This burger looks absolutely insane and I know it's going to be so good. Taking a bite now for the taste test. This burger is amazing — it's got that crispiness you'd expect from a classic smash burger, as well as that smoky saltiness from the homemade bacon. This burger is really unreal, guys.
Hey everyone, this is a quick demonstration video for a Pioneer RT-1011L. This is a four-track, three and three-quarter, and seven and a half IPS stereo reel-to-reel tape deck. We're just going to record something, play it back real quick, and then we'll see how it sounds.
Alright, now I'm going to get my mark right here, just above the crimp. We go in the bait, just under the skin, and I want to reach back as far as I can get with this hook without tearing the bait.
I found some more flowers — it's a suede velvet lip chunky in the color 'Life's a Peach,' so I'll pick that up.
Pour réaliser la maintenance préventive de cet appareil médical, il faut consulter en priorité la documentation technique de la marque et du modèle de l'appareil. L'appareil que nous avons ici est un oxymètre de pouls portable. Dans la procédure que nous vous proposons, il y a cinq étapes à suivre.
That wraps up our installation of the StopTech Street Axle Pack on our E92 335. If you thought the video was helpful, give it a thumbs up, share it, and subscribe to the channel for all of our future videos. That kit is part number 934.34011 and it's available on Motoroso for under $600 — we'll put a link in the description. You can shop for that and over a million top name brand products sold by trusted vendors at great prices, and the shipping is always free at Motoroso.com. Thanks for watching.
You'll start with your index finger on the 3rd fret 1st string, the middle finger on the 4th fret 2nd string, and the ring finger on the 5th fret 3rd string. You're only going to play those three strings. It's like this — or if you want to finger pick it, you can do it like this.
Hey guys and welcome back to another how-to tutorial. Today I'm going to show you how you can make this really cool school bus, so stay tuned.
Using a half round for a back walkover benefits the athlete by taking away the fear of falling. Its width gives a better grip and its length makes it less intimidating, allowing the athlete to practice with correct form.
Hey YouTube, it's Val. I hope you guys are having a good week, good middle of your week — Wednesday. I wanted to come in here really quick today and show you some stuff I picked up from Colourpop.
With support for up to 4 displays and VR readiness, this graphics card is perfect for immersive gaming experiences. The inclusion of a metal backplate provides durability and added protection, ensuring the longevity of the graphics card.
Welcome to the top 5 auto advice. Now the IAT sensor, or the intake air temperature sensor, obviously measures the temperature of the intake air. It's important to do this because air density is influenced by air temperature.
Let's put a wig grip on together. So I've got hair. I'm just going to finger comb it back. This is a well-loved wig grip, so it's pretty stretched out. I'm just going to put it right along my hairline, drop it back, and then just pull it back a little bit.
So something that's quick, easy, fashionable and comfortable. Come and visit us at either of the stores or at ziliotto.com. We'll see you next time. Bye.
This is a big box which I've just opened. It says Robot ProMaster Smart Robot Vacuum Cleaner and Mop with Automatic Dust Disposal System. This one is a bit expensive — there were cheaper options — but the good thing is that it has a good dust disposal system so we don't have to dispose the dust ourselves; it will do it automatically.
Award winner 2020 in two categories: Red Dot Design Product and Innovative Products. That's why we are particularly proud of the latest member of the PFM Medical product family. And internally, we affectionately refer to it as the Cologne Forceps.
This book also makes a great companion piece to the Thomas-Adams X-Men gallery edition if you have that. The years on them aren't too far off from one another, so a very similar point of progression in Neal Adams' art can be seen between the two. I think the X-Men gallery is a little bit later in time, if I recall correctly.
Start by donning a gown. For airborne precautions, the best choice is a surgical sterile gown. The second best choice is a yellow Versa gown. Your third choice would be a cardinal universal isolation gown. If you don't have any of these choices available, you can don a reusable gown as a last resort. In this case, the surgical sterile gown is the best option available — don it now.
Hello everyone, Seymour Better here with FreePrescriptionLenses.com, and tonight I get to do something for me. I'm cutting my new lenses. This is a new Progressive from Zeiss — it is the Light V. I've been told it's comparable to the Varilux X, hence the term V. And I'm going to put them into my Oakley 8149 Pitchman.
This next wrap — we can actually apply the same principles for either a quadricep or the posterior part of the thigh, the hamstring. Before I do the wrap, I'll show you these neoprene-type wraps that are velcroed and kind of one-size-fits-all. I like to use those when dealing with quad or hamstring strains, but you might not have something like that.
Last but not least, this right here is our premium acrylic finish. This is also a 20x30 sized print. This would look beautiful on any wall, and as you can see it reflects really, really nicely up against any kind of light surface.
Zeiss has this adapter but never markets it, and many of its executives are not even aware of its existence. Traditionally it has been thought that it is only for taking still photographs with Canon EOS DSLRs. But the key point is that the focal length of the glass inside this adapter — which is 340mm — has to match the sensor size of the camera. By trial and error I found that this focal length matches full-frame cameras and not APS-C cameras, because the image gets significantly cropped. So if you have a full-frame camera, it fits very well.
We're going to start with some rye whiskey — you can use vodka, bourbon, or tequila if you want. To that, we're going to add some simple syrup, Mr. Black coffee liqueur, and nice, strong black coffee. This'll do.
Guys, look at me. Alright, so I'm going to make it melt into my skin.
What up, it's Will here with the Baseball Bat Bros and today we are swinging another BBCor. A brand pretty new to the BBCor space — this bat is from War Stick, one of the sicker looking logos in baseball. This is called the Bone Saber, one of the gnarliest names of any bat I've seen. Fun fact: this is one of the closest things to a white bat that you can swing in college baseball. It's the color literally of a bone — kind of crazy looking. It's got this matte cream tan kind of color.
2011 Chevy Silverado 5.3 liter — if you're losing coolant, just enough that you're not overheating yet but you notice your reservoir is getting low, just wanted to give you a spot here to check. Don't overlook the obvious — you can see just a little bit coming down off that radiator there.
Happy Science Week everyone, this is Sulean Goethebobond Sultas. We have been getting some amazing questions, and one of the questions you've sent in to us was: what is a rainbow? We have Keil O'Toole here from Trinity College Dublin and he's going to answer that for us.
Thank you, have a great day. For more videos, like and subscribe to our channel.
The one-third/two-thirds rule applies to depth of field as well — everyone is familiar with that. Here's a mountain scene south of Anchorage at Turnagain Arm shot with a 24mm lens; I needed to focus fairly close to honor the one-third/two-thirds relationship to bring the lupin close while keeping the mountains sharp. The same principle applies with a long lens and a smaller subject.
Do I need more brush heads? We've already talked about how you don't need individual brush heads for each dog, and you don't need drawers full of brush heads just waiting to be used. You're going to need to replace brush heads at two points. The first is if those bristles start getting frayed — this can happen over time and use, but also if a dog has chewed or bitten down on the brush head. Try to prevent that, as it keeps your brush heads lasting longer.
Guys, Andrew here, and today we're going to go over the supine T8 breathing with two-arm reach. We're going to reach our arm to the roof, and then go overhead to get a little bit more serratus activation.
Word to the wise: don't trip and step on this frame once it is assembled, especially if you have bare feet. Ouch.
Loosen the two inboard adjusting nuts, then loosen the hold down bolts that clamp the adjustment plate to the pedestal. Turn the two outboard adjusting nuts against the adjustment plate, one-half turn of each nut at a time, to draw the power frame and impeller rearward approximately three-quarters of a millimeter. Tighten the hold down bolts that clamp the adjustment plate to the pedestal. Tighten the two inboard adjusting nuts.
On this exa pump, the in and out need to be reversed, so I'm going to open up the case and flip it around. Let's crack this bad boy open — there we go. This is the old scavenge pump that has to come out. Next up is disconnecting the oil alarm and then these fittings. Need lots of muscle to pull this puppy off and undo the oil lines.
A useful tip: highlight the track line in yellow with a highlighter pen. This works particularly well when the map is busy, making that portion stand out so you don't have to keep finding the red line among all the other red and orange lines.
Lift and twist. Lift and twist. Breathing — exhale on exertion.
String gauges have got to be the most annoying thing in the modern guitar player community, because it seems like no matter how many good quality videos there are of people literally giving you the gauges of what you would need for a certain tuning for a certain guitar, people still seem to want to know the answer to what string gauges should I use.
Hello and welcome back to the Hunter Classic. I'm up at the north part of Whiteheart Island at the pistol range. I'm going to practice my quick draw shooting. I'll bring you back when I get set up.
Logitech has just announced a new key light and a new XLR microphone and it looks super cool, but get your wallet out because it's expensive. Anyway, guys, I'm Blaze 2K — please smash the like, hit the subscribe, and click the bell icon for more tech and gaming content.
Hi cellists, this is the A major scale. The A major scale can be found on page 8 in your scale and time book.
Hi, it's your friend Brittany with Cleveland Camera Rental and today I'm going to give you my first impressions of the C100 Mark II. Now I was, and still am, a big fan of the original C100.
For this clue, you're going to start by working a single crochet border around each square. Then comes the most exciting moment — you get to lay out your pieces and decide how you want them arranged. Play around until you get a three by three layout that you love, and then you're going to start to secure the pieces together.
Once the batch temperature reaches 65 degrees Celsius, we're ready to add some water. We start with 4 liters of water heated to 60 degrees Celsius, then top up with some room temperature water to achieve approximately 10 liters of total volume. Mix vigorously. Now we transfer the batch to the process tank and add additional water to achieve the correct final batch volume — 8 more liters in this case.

## Exercise instructions
All that is wanted is a faithful reproduction of the line above with "Logitech has just", the line with "For this clue, you're", and every line in between.

## Your response
Logitech has just announced a new key light and a new XLR microphone and it looks super cool, but get your wallet out because it's expensive. Anyway, guys, I'm Blaze 2K — please smash the like, hit the subscribe, and click the bell icon for more tech and gaming content.
Hi cellists, this is the A major scale. The A major scale can be found on page 8 in your scale and time book.
Hi, it's your friend Brittany with Cleveland Camera Rental and today I'm going to give you my first impressions of the C100 Mark II. Now I was, and still am, a big fan of the original C100.
For this clue, you're going to start by working a single crochet border around each square. Then comes the most exciting moment — you get to lay out your pieces and decide how you want them arranged. Play around until you get a three by three layout that you love, and then you're going to start to secure the pieces together.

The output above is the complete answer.